SQL

If you work with data then learning SQL is a must.

Table of contents

  1. Introduction
  2. DDL
    1. Types
    2. Create table
    3. Constraints
  3. Queries
    1. Grouping
    2. Aggregation
    3. Having clause
    4. Order by clause
    5. Subqueries
    6. Scalar subqueries
  4. Joins
    1. Cross join
    2. Inner join
    3. Outer join
  5. Modifications
    1. Deletion
    2. Insertion
    3. Updates
  6. Views
  7. Transactions
  8. Authorization
  9. References

Introduction

SQL (Structured Query Language) is a domain-specific language used for managing and querying data stored in RDMSes.

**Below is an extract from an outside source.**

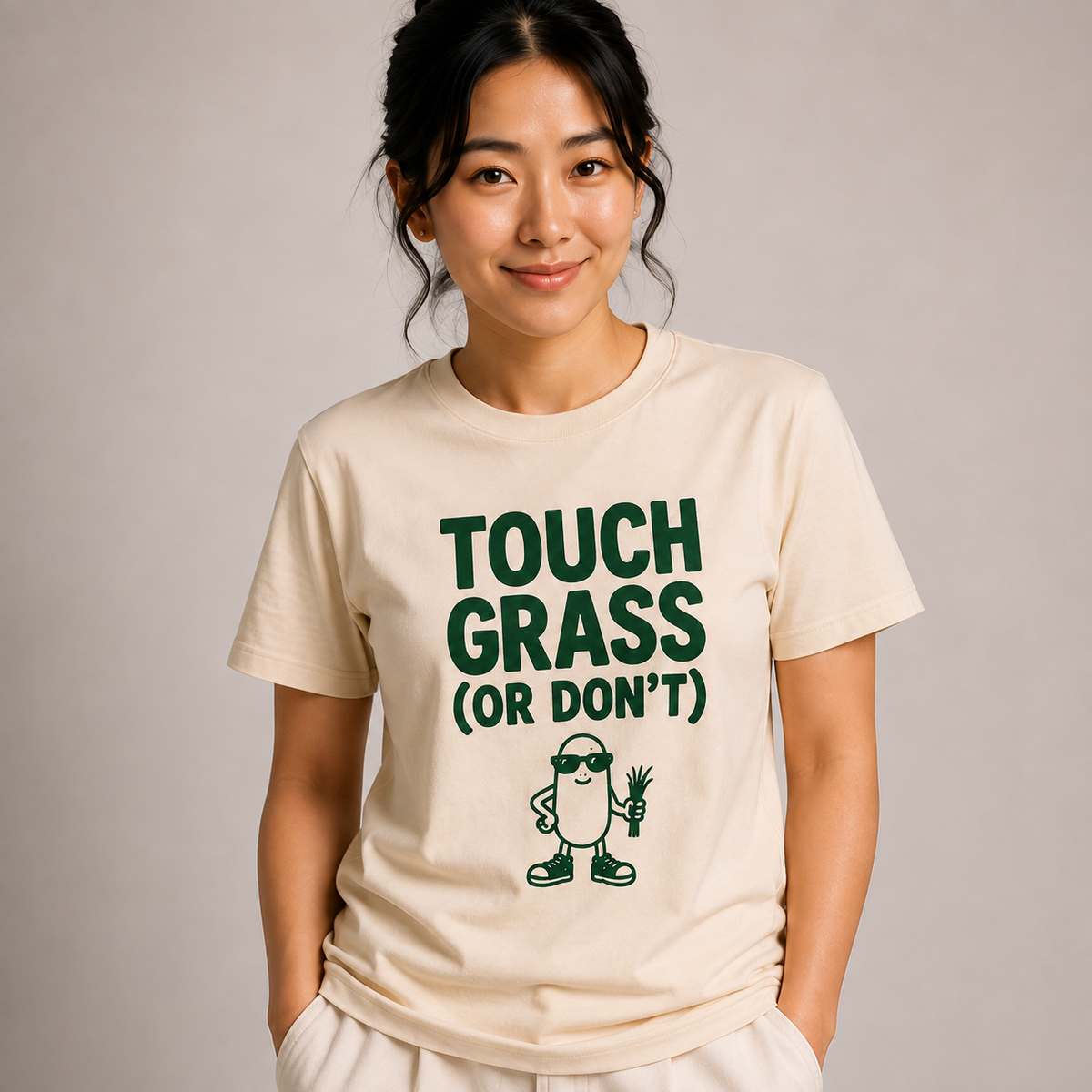 Touch Grass (Or Don’t) Tee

SQL is based on relational algebra and is often broken into multiple parts:

  • DDL (Data Definition Language)
  • DML (Data Manipulation Language)

[1, Pp. 65-6]

DDL

The SQL DDL is used for defining and modifying tables and table schemas.

Types

SQL supports many built-in types.

Some common types include:

  • char(n) An n-length character string.
  • varchar(n) A variable-length character string with maximum length n.
  • int An integer (machine-dependant size).
  • smallint A small integer (machine-dependant size).
  • numeric(p, d) A fixed-point number with a sign bit, p digits, and d of the p digits to the right of the decimal point.
  • double A double precision floating point (machine-dependant size).
  • float(n) A float with at least n precision.
  • text(n) Holds a string with a maximum length of n or 65,535 bytes.

[1, P. 67]

Each type may include a special null value.

Create table

Schemas can be defined using the create table command.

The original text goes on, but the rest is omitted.